4. Le Psalmiste poursuit donc : « Ayez pitié de moi, Seigneur, parce que je suis infirme, guérissez-moi, parce que mes os sont ébranlés[3] », et par ces os il entend la force de l’âme ou le courage. L’âme donc, en parlant de ses os, se plaint de son courage qui est ébranlé ; mais gardons-nous de croire qu’elle ait des os comme ceux du corps. Expliquant donc ce qui précède, le Prophète ajoute « Et mon âme est dans un trouble « profond », afin que l’on n’applique point au corps, ce qu’il appelait des os. « Et vous, Seigneur, jusques à quand[4] ? » Qui ne verrait ici une âme qui lutte avec ses infirmités, et que le médecin ne se presse pas de guérir, afin de lui faire sentir dans quel abîme de maux le péché l’a précipitée ? On ne cherche guère à éviter ce qui se guérit facilement ; mais une guérison difficile nous rend plus attentifs à conserver la santé quand nous l’avons recouvrée. Loin de nous cette pensée qu’il y ait de la cruauté dans ce Dieu à qui l’on dit : « Jusques à quand tarderez-vous à me guérir ? » mais il veut dans sa bonté montrer à l’âme quelle blessure elle s’est faite.
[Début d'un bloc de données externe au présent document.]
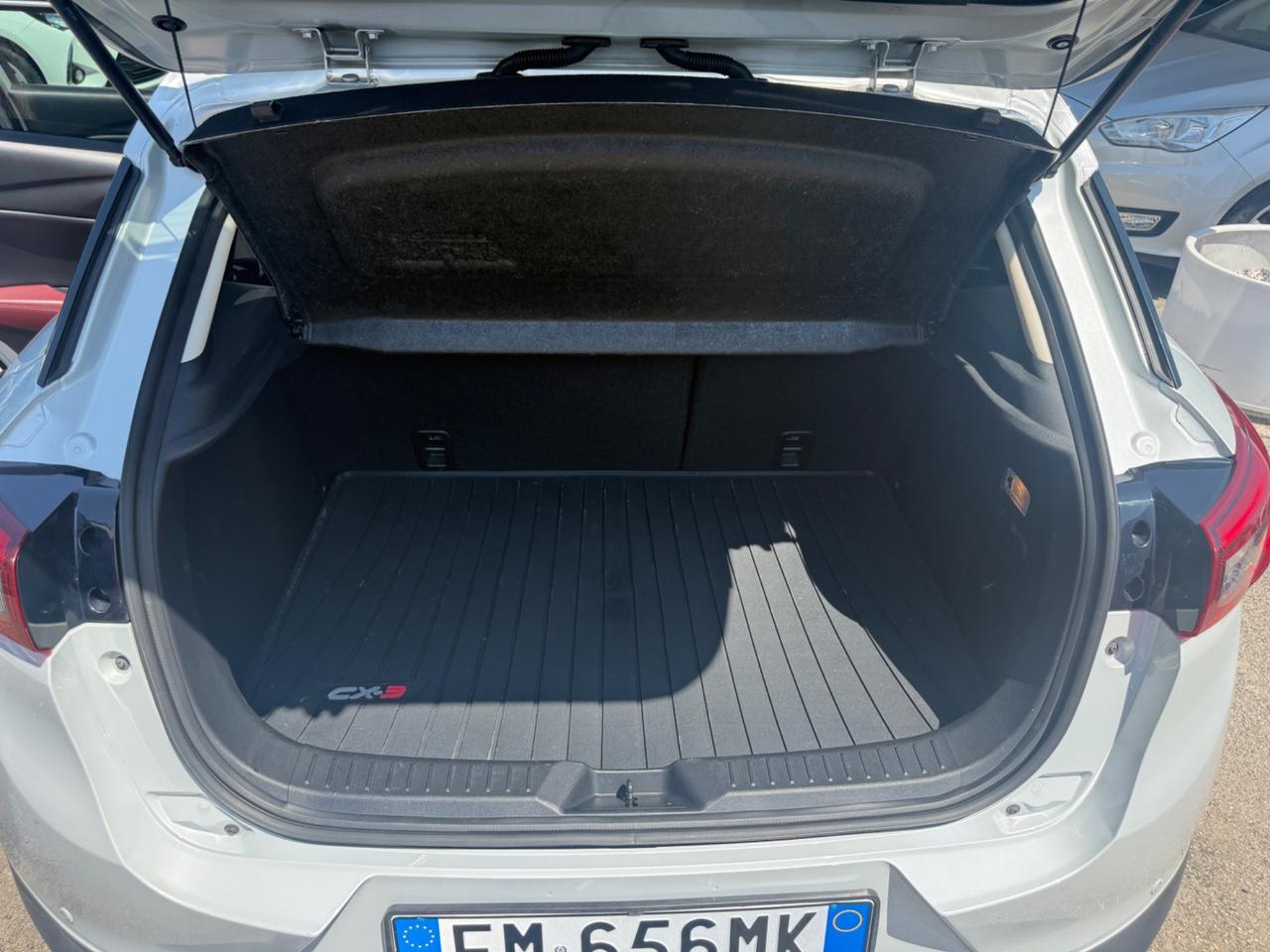 Mazda CX-3 1.5L Skyactiv-D Luxury Edition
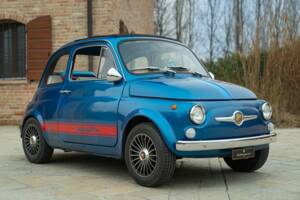 Bild 2/50 von FIAT 500 R (1973)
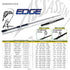 ROD ASSASSIN EDGE 6'6FT MEDIUM 2PCE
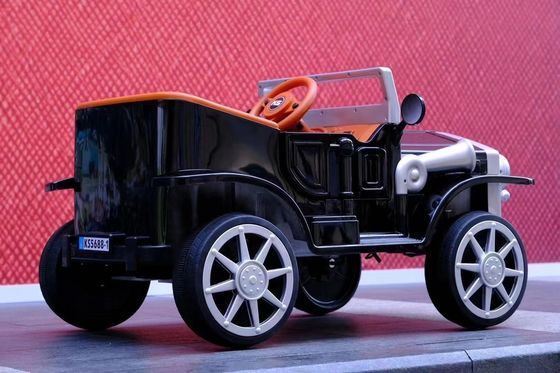 Unisex Electric Toy Ride On Car With Distant Control Newly Designed Motor 380*2 For Kids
Car cette âme ne prie pas encore avec une telle ferveur que Dieu puisse lui dire : « Ta prière ne sera pas achevée que je répondrai : Me voici[5] ». Dieu veut encore nous montrer quel sera le châtiment des impies qui refusent de retourner à lui, si la conversion nous est si difficile ; dans ce sens il est dit ailleurs : « Si le juste à peine est sauvé, que deviendront le pécheur et l’impie[6] ? »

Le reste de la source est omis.